The model is provided with the start token, and then samples this distribution to sequentially generate new tokens. Generation is repeated until either the stop token is generated or the maximum sequence length (which is set to be equal to 128) is reached. The generated token sequences are then fed to the VQ-VAE decoder, which maps them into physical space for further evaluation.

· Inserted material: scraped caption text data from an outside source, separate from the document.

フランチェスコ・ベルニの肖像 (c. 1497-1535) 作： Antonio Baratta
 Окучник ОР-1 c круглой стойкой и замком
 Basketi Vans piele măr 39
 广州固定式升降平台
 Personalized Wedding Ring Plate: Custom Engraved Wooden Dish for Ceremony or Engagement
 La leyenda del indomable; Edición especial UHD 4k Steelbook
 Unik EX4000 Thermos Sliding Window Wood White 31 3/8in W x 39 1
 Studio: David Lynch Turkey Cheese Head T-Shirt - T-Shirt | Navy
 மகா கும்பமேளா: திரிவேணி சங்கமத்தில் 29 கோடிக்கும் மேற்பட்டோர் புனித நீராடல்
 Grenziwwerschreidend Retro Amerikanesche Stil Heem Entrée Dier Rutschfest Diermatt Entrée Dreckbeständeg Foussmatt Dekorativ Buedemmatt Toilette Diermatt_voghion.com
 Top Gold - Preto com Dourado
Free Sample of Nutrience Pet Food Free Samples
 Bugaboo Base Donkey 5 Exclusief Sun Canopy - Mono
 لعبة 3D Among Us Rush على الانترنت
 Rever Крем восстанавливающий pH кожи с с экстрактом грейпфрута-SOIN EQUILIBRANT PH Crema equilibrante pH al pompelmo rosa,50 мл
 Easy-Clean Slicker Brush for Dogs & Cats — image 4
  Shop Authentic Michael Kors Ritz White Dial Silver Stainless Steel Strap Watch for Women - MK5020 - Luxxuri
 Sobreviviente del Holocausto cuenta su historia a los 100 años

The classification task can be performed either from scratch, using randomly initialized weights for both the transformer backbone and the classification head, or by fine-tuning the generative model. In the fine-tuning case, the initial weights of the transformer backbone are loaded for from the generative model.

III Results

III.1 Token quality

We first inspect how well the tokens cover the space. An illustration of the conditional and unconditional tokens in physical space (i.e. their corresponding $\eta^{\text{rel}}$ , $\phi^{\text{rel}}$ and $p_{\text{T}}$ values) is shown in Figure 3 for the different tokenization approaches and different codebook sizes. In the unconditional case, as well as in the binning approach, the reconstruction of a token is always the same, independent of the other tokens in the jet, leading to discrete points in physical space. In the conditional case, however, the reconstruction of a token is by construction affected by the other tokens inside this jet. To visualize the spread of each conditional token in physical space, we reconstruct each token 500 times conditioned on 50 randomly chosen tokens. Each of those reconstructions is shown in the scatter plots in Figure 3, where the different reconstructions of the same token are drawn in the same color. We notice that the reconstruction of each token only changes slightly when conditioned on other tokens. Thus, the 500 different reconstructions of a conditional token show up in Figure 3 as a blob in physical space. This already shows that the conditional tokenization allows to cover a significantly larger volume in reconstruction space, while the unconditional tokens can only be reconstructed to distinct points in reconstruction space. We note that our approach of reconstructing each token 500 times conditioned of randomly chosen other tokens not necessarily represents the reconstructed values of actual jet constituents, as it is possible that those combinations of tokens would not appear for real jets. However, this illustrates the overall behavior of how much the reconstruction of a token can change due to the conditioning on the other tokens.

Next, we consider distributions at the jet level to judge the quality of the tokenization. For this and the following studies, jets are mapped into token space, and then mapped back to physical space to quantify the loss in information. Figure 4 (left) shows the jet mass combined for all classes in the dataset, as was done in Heinrich et al. (2024). As observed there, the conditional tokenization with 512 tokens already shows a good agreement between initial and reconstructed mass, with worse performance for the unconditional tokenization.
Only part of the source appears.